Jeff Clyton (Robert Woods) gewinnt eine Ranch mit Landbesitz beim Pokerspiel. Allerdings muss er beim Besuch auf seinem neuen Anwesen feststellen, dass dem Vorbesitzer nur die Hälfte des Anwesens gehörte. Die andere besitzen die Geschwister Helen (Maria Sebaldt) und David Greenwood (Frank Stewart), die den Fremden als neuen Miteigentümer nicht gerade freundlich empfangen. Obwohl das Verhältnis von Misstrauen geprägt ist, rücken die Besitzer der sogenannten G&G-Ranch notgedrungen näher zusammen, da es offensichtlich noch andere Interessenten für den wertvollen Grundbesitz gibt. Schon bald stellt sich heraus, dass die Banditen vor keinen noch so drastischen Mitteln zurückschrecken...

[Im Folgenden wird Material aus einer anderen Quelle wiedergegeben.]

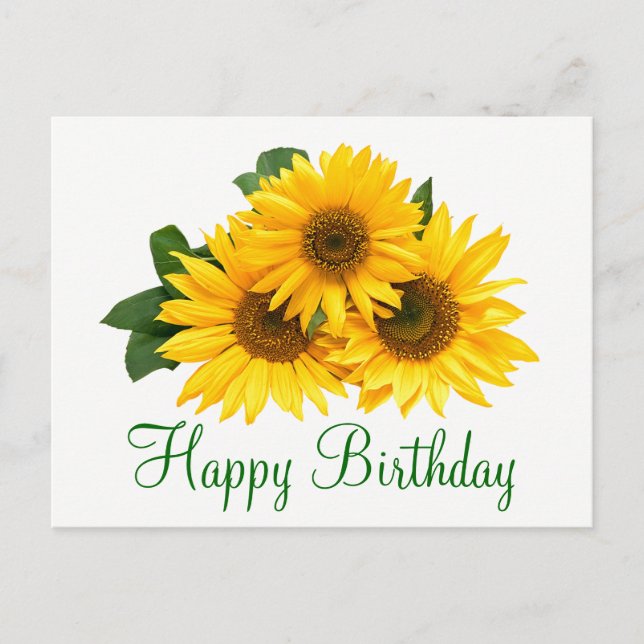 Carte Postale Floral Joyeux Anniversaire Tournesol Fleurs Jaunes (Devant)
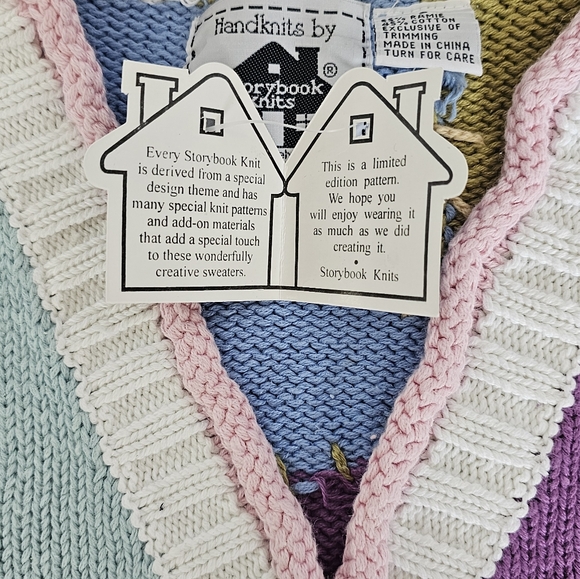 NWT Vtg Storybook Knits Butterfly & Floral Patchwork Sweater Cardigan Size L 90s - Picture 6 of 16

Bei "Die Gejagten der Sierra Nevada" handelt es sich um einen international produzierten, frühen Italowestern, der im Gegensatz zu Italien und Spanien keine größere Beachtung in der Bundesrepublik fand. Bestückt mit Stars der jeweiligen Produktionsländer, erzählt Alfonso Balcázar eine insgesamt spannende Geschichte, die ihre Erfüllung oft in zynischen Amplituden und Darbietungen der Härte findet, was natürlich nicht genreuntypisch ist. Das Schicksal dieses Verlaufs entscheidet sich am Spieltisch und unterliegt den Gesetzen des Pokerspiels. Während einer alles und noch mehr verliert, gibt es einen Profiteur, der für die Story noch entscheidend sein wird. In persona des US-Amerikaners Robet Woods - der hier sein eigentliches Filmdebüt in der Hauptrolle gibt - darf man sich auf eine solide Angelegenheit gefasst machen, die von Woods einen merklichen und vielmehr überzeugenden Drive bekommt. Bei einem sporadischen Blick auf die Interpreten stellt sich aufgrund der sich anbietenden Unterschiede gleich die Frage, ob das Ensemble überhaupt miteinander harmonieren kann und nicht gegeneinander arbeiten wird, denn manche Namen wollen dem ersten Empfinden kaum zusammenpassen, was sich in erster Linie auf die einschlägig bekannte deutsche Krimi-Prominenz bezieht. Es lassen sich beim genauen Betrachten jedoch keine negativen Ausweichmanöver beobachten und die gebuchte Riege kann auf jeder von ihr gewählten Seite überzeugen. Der erste Akt setzt auf hohe gegenseitige Widerstände, die sich zwischen den Protagonisten und den ausgewiesenen Aggressoren und Gangster-Visagen abspielen. Doch bevor es zu einer gemeinsamen Strategie kommen kann, den Verlust der Ranch abzuwenden, müssen sich die unfreiwilligen Besitzer erst einmal finden und das gegenseitige Vertrauen am besten gleich dazu.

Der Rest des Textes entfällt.